Pas tous satisfaits de la nouvelle loi sur les salaires dans le secteur public

La Loi sur les salaires dans le secteur public entrera en vigueur le 1er décembre 2019. Le ministère des Finances a annoncé que les moyens financiers sont inscrits au budget et qu'ils sont suffisants pour couvrir les coûts financiers. Mais tous ne se réjouissent pas de cette loi. Président de l'Union républicaine de la fonction publique [...]
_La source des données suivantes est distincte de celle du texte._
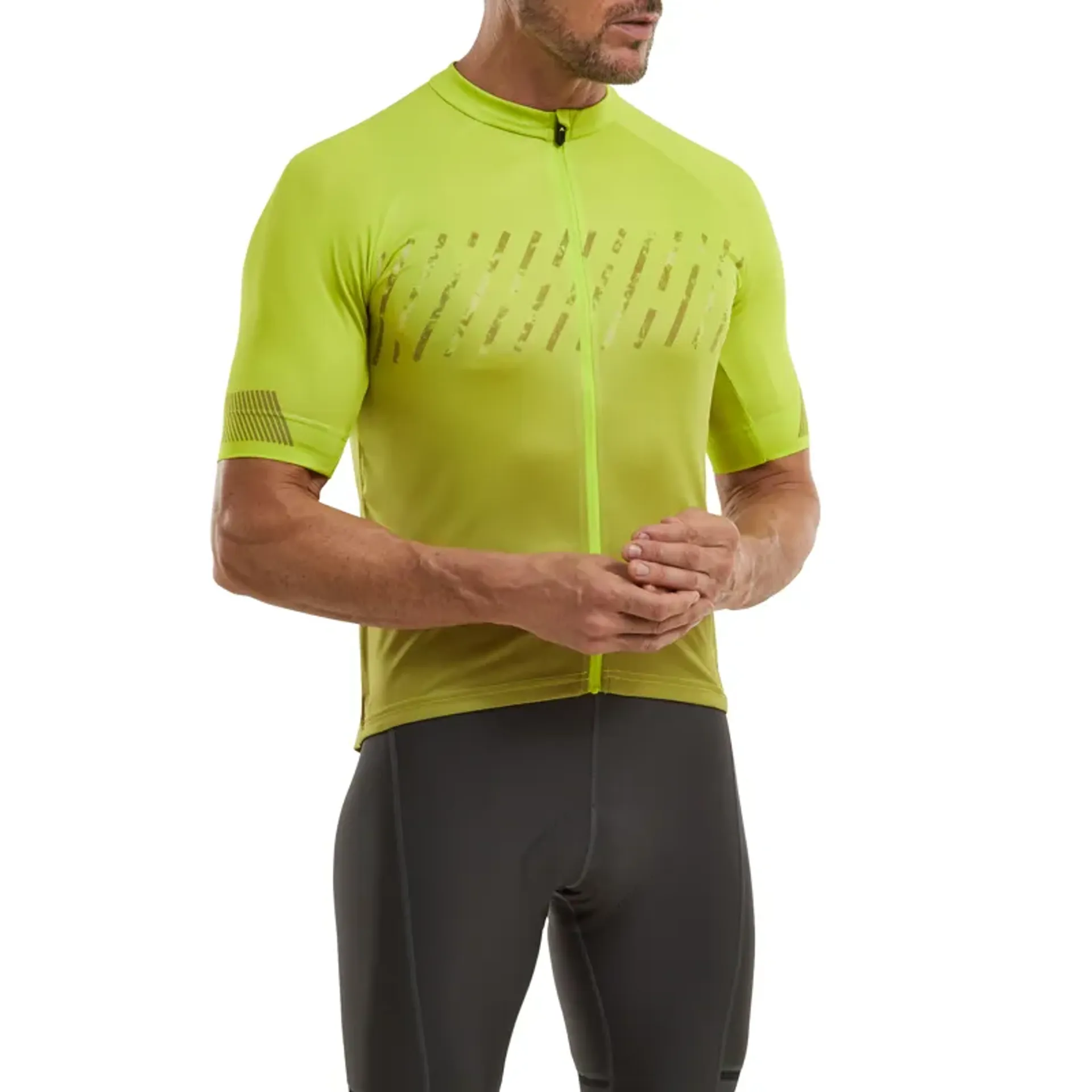 altura airstream short sleeve jersey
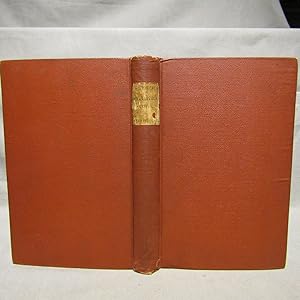 Historical and Biographical Sketches First edition 1883 original cloth.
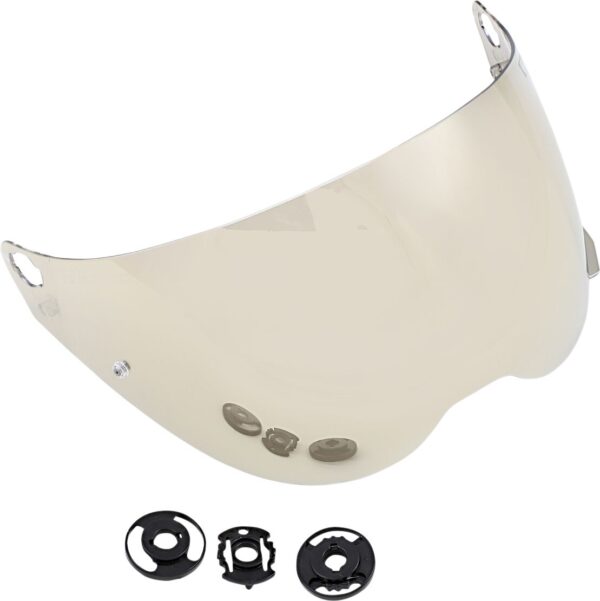 Precision Optics™ Pinlock® Prepared Shield - Image 2
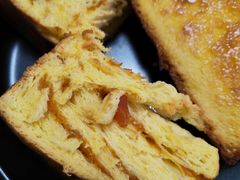 农场南瓜泥吐司-KenGee仟吉(芜湖路店)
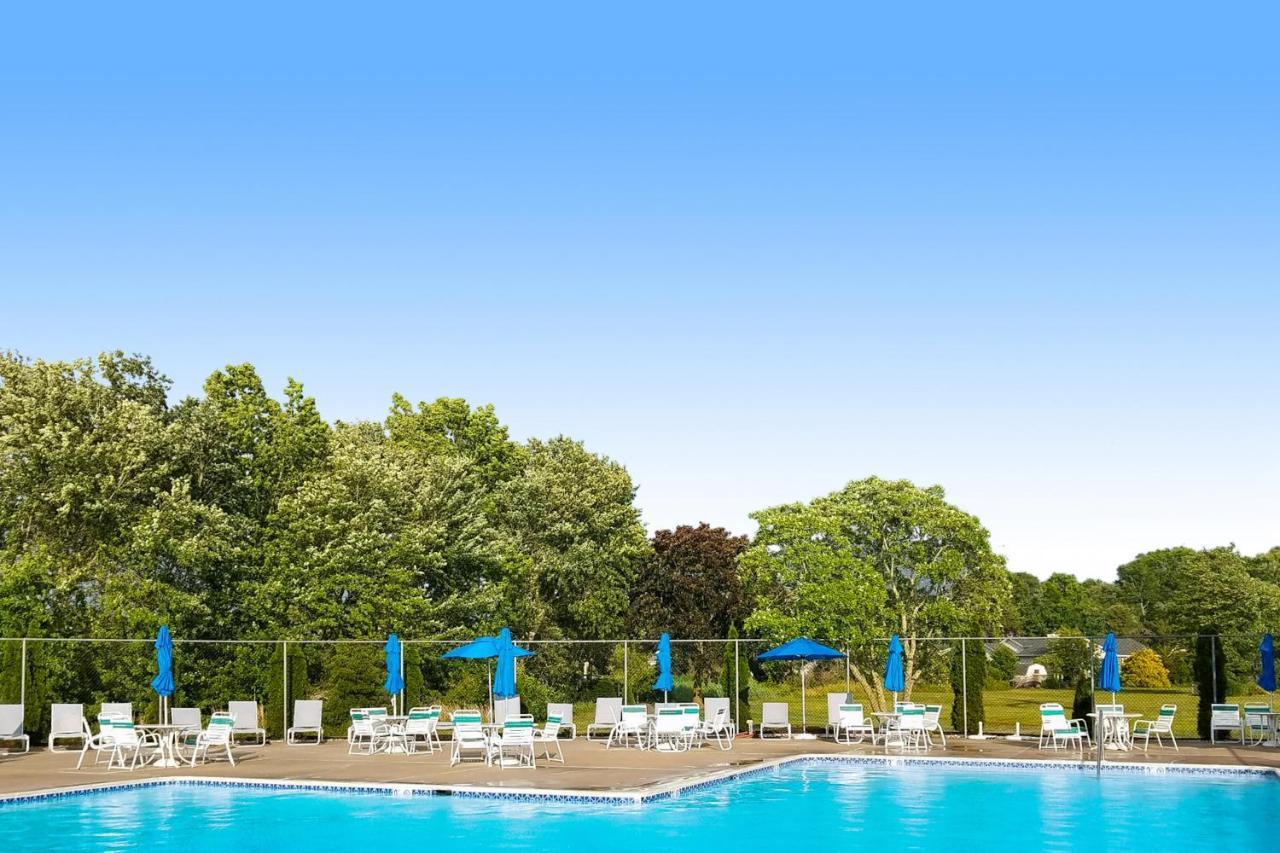 Bethany Meadows - 4E Briar N Frankford Экстерьер фото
La Loi sur les salaires dans le secteur public entrera en vigueur le 1er décembre 2019. Le ministère des Finances a annoncé que les moyens financiers sont inscrits au budget et qu'ils sont suffisants pour couvrir les coûts financiers.
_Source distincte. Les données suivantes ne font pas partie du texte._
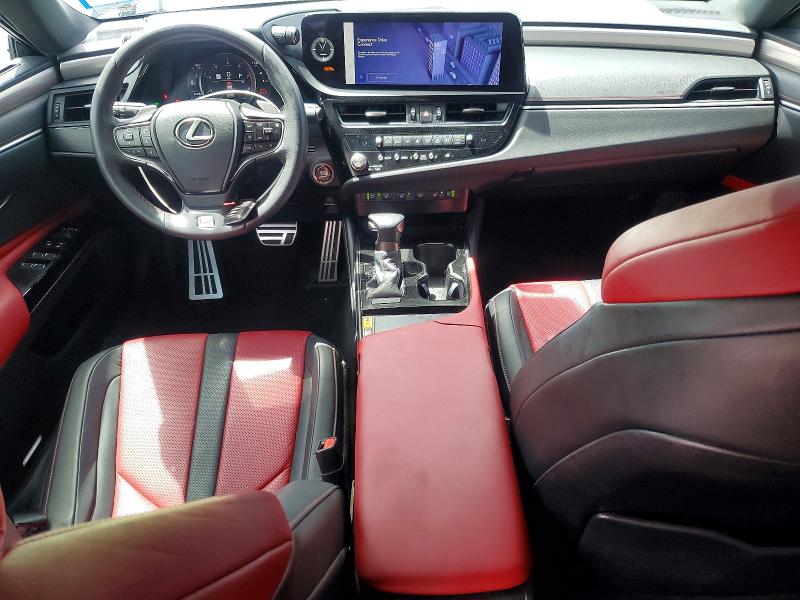 Фото 8 с аукциона – 2023 LEXUS ES с VIN 58AJZ1B16PU158971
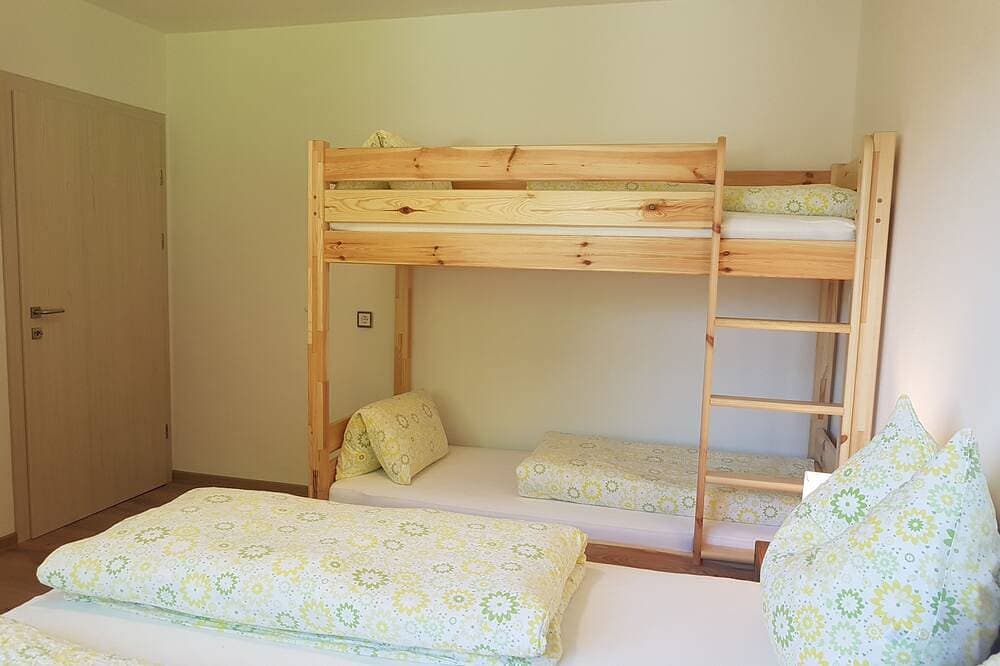 Foto 3 von 30: Appartement-Panoramablick  Ein entspannender Urlaub in atemberaubender Natur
Mais tous ne se réjouissent pas de cette loi. Mursel Zymberi, président de l'Union de la fonction publique de la République du Kosovo, a déclaré à Radio Kosovo que cette loi fait des différences entre les secteurs, ce qui, selon lui, le futur gouvernement doit changer.
“Je pense qu'il y aura une très grande confusion ici, une situation vague et si le gouvernement et la future assemblée ne modifient pas cette loi pour améliorer la position des fonctionnaires, alors sûrement cette loi deviendra impossible à mettre en œuvre”, a dit Zymber.
Skender Bucolli, directeur du Département des relations publiques de la KEK, dans une réponse écrite à Radio Kosovo, a déclaré que le principal défaut de cette loi est l'égalité des travailleurs de la KEK à la production avec le personnel administratif et les fonctionnaires.
Il ajoute qu'il est impossible pour les travailleurs de la production, les ingénieurs et les experts dans les domaines critiques d'entrer dans les limites définies par cette loi. KEK a indiqué qu'elle respecterait la loi dès son entrée en vigueur, mais que cela aurait des conséquences négatives inimaginables sur l'exploitation de KEK, ainsi que sur la production de charbon et d'électricité au niveau national.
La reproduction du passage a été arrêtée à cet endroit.